Era necessário desmontar os mecanismos de indexação para derrotar a inflação, argumentaram os jovens economistas que auxiliaram Funaro. Para isso, uma das medidas do programa foi o congelamento dos preços de bens e serviços pelo prazo de um ano. Os salários foram congelados pela média de seu valor dos últimos seis meses. O congelamento atingiu também a taxa de câmbio. Para simbolizar o fim da indexação, o governo acabou com a Obrigação Reajustável do Tesouro Nacional (ORTN), que deu lugar à OTN, sem correção monetária. No início, o governo concedeu abono ao salário mínimo, que significou aumento real de 16%, e abono aos servidores, que assim tiveram reajuste real de 8%. Essas medidas aumentaram o consumo, que já estava pressionado pelo ganho real dos trabalhadores provocado pelo fim da inflação.
O congelamento provocou desequilíbrio dos preços relativos da economia, pois muitos produtos foram pegos no momento em que acabavam de ter seus preços reajustados e outros ainda não tinham sofrido aumento. Além disso, o governo esqueceu de trazer a valor presente os preços de produtos vendidos a prazo. Por isso, alguns deles tiveram aumentos reais muito elevados. O desequilíbrio de preços paralisou a produção. Com o câmbio congelado, as reservas internacionais do país começaram a sumir. O governo Sarney também não conseguiu controlar os gastos públicos.
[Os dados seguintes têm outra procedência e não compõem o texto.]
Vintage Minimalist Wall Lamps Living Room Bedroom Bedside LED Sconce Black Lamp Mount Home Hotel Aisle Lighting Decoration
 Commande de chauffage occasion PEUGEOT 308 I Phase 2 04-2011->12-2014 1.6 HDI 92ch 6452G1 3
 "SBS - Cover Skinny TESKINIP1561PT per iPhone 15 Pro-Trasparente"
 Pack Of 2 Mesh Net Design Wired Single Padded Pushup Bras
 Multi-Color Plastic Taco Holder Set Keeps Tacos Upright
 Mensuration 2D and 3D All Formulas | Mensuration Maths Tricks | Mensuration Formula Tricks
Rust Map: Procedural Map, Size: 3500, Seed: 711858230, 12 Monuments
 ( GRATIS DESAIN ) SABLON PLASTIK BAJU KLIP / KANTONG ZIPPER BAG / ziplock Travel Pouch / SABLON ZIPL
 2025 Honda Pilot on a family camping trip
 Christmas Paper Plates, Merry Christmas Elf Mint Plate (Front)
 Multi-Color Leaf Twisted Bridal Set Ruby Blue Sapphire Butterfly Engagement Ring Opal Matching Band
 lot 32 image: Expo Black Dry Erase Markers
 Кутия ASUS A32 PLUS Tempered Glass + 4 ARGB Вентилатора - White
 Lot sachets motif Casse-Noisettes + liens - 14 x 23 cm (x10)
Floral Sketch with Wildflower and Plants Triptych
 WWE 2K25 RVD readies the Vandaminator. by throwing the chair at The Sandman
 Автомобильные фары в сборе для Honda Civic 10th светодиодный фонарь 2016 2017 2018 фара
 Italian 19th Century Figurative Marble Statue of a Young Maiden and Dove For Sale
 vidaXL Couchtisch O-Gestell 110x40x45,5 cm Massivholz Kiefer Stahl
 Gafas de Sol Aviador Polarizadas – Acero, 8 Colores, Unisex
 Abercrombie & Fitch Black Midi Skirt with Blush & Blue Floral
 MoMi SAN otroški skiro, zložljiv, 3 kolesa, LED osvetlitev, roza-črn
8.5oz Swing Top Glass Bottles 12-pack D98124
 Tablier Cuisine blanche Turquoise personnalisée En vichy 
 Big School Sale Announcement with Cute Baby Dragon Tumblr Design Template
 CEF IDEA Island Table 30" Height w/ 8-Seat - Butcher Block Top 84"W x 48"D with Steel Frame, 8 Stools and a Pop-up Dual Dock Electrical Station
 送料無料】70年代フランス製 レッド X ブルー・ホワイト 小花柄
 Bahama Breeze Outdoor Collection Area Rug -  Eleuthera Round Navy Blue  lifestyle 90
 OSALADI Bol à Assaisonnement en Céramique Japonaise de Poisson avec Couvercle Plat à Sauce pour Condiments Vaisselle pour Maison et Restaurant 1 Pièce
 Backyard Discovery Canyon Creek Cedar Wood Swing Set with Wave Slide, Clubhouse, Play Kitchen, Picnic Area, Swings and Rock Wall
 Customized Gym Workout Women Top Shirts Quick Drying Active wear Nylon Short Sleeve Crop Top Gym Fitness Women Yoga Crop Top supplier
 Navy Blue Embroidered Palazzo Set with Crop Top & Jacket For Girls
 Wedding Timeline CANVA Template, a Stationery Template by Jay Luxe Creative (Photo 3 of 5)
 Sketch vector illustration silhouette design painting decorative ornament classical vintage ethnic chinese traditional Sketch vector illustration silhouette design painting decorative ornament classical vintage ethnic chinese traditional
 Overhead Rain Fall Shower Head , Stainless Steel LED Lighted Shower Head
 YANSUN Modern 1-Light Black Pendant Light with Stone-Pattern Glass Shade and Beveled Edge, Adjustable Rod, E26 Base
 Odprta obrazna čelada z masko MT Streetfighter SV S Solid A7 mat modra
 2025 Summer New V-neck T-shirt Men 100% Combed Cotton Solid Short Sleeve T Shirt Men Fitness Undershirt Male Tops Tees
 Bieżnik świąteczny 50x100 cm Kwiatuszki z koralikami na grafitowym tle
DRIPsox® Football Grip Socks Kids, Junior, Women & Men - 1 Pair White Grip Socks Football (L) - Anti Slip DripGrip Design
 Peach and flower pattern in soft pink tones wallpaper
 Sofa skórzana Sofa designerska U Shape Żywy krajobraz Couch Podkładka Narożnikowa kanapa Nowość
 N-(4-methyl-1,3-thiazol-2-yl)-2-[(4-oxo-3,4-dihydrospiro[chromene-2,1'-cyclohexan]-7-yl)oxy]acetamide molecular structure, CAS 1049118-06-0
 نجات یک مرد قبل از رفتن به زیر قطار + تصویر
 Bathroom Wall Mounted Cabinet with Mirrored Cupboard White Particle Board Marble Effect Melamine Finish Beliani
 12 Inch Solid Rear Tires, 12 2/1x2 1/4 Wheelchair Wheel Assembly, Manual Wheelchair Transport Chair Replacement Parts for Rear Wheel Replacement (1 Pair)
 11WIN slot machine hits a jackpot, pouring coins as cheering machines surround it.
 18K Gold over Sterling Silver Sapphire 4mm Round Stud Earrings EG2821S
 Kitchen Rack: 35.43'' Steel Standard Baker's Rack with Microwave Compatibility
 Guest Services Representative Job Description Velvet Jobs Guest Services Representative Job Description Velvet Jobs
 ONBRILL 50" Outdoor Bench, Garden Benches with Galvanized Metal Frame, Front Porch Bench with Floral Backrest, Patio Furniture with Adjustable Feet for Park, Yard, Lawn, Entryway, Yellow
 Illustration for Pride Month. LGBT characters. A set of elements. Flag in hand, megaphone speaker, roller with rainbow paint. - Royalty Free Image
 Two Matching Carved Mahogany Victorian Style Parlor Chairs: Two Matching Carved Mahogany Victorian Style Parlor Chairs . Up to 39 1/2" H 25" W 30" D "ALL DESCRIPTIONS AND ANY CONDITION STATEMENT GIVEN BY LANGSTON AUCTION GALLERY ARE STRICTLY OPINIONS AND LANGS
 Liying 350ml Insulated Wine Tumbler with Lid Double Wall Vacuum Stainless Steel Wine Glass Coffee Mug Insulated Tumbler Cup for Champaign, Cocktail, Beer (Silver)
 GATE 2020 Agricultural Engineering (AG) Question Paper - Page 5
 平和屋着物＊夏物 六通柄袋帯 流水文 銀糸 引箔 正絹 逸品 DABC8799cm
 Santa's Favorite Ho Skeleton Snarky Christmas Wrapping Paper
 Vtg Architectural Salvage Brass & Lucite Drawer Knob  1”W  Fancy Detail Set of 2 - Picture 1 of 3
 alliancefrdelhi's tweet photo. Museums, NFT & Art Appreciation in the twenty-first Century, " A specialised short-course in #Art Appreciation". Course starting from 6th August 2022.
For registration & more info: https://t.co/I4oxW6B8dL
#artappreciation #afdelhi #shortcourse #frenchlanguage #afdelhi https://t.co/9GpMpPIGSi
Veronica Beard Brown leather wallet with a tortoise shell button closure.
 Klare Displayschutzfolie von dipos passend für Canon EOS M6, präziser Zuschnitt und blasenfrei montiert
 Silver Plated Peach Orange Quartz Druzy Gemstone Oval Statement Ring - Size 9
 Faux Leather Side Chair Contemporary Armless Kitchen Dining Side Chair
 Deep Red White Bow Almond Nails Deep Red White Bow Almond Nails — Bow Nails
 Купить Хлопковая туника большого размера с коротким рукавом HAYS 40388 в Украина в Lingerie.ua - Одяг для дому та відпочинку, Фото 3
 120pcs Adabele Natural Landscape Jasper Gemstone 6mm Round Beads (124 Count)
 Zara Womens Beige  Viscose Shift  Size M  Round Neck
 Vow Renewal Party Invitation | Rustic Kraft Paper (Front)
A forte elevação do consumo e a incapacidade dos empresários de aumentar a produção no curto prazo para atender à demanda levaram ao ágio, ao desabastecimento e a atitudes bizarras do governo, como a decisão de colocar a Polícia Federal para pegar bois no pasto e, desta forma, garantir carne para a população. Por razões eleitorais, os ajustes no Cruzado foram sendo adiados para depois da eleição daquele ano, em que o PMDB elegeu 22 governadores. Passado o pleito, os preços foram descongelados, as tarifas públicas reajustadas e alguns impostos elevados. Revoltada, a população partiu para o quebra-quebra. Após os ajustes no plano, a inflação voltou de forma ainda mais agressiva. Mas o conhecimento adquirido com o Cruzado e os demais planos heterodoxos permitiu a edição do Plano Real, que acabou com a hiperinflação.
Muitos anos depois, o país voltou a registrar, em 2015, inflação anual de dois dígitos. Uma situação que foi, em boa parte, provocada por mazelas, ainda que em menor grau, que levaram à hiperinflação do passado. Como o represamento de preços públicos, políticas fiscal e creditícia expansionistas e política monetária leniente. O desafio é impedir que a cultura inflacionária volte a fazer parte da vida do brasileiro.